I had company over both Friday and Saturday nights and I decided that for dinner I’d make a lovely pasta accompanied by a fantastic salad. So often the accompanying salad in dinner is a tedious, obligatory affair, a way to delay the exciting arrival of the main event. But recently, I had lunch at Farmhouse, where I I ordered a patty melt but substituted a salad instead of french fries. I did this reluctantly, since usually those side salads are such a blah affair, but since I no longer possess the insides and metabolism of a college student, I couldn’t in good conscience order a deep-fried cheeseburger and then also eat fries with it.

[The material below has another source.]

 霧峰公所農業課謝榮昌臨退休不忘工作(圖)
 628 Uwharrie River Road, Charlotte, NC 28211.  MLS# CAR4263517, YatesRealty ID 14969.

I was surprised and delighted, however, to discover that the side salad was actually delicious in its own right, thanks to some Craisins and shaved carrots and serrano peppers on top. Thus I was inspired, this weekend, to make my own salads special. My salads consisted of:
shaved pecorino or parmesan
pepitas or candied pecans
dressing made of balsamic vinegar, olive oil, shallots, salt and pepper.
And they turned out delightful! No bland “eat your veggies, even though they suck” kind of salad. I highly recommend this recipe. However, I only have one complaint and it’s with the mixed greens situation. It’s this:
In the lettuce world, frisée (known as curly, or “jerk” endive), is the bane of my existence. It’s prickly. It’s bitter. It’s difficult and unpleasant to eat. And it takes up a lot of space in a salad where other, less-offensive greens could be residing.
It seems quite unfair to me that of all the mixed greens, arugula is the one that gets the bad rap in the salad world. If you’re a politician and you profess any sort of knowledge or affinity for arugula, you’re an out of touch elite effete. This is patently unfair, though. Arugula is delicious. It’s peppery and tender and healthful and is amazing on sandwiches.
Plain old rusty-looking iceberg lettuce has its time and its place but let’s let arugula become part of the mainstream. If we’re going to alienate one particular green, let it be the one that’s a total pain in the neck, not the innocent arugula, which, incidentally, is sometimes known as “rocket.” I think if we rebranded “rocket” the way the unappetizing-sounding Chinese gooseberry was reborn as the Kiwifruit, arugula would rightfully lose its stigma. Let the stigma pass over to jerk endive, which should rightfully become mocked as the new “freedom fries” of the salad world.
This post came in first place in the unannounced “Most NPR-ey Blog Post” contest, run and judged by me and where mine was the only submission.